Records from a dataset
———
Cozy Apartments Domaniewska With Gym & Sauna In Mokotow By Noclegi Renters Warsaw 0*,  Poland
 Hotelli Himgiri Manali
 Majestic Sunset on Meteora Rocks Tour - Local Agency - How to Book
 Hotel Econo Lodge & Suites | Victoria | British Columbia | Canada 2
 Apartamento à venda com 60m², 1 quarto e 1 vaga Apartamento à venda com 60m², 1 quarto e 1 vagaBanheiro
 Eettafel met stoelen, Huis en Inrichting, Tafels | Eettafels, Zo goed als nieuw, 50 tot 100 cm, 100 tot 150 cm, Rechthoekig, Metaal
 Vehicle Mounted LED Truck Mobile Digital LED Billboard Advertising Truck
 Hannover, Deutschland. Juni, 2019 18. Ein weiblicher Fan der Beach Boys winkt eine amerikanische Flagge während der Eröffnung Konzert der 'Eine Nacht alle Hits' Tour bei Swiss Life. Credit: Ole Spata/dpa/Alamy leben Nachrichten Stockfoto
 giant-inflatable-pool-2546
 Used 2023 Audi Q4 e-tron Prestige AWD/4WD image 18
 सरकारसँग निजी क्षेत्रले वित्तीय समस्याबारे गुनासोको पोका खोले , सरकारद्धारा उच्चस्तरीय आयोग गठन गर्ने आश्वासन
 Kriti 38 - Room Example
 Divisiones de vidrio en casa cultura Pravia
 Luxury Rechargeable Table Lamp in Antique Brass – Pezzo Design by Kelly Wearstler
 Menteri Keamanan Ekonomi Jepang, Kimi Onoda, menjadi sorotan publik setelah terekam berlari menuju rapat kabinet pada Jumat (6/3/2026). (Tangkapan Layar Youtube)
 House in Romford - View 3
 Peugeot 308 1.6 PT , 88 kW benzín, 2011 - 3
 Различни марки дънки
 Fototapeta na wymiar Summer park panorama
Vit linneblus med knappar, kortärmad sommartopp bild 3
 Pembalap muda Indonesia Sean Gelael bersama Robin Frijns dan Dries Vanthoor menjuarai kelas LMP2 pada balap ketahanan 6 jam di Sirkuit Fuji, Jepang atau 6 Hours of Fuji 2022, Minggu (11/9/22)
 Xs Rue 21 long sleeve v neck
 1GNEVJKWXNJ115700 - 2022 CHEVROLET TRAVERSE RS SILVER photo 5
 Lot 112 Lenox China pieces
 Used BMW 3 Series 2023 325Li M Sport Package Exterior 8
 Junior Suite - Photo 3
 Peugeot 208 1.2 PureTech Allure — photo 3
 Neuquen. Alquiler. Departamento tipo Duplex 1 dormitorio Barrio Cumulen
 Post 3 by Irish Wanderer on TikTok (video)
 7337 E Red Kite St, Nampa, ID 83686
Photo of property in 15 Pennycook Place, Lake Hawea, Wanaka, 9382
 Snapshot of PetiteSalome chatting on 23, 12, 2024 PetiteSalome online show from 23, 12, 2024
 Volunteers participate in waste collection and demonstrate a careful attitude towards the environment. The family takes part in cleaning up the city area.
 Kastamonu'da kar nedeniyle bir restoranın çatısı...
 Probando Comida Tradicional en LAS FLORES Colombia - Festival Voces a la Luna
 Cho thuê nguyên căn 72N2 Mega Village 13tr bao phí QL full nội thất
———
### Your goal
When you reach the line that contains "Hotel Econo Lodge", stop; that line and every line before it, from the very first line of the data, should be restated word for word.

### Solved exercise
Cozy Apartments Domaniewska With Gym & Sauna In Mokotow By Noclegi Renters Warsaw 0*,  Poland
 Hotelli Himgiri Manali
 Majestic Sunset on Meteora Rocks Tour - Local Agency - How to Book
 Hotel Econo Lodge & Suites | Victoria | British Columbia | Canada 2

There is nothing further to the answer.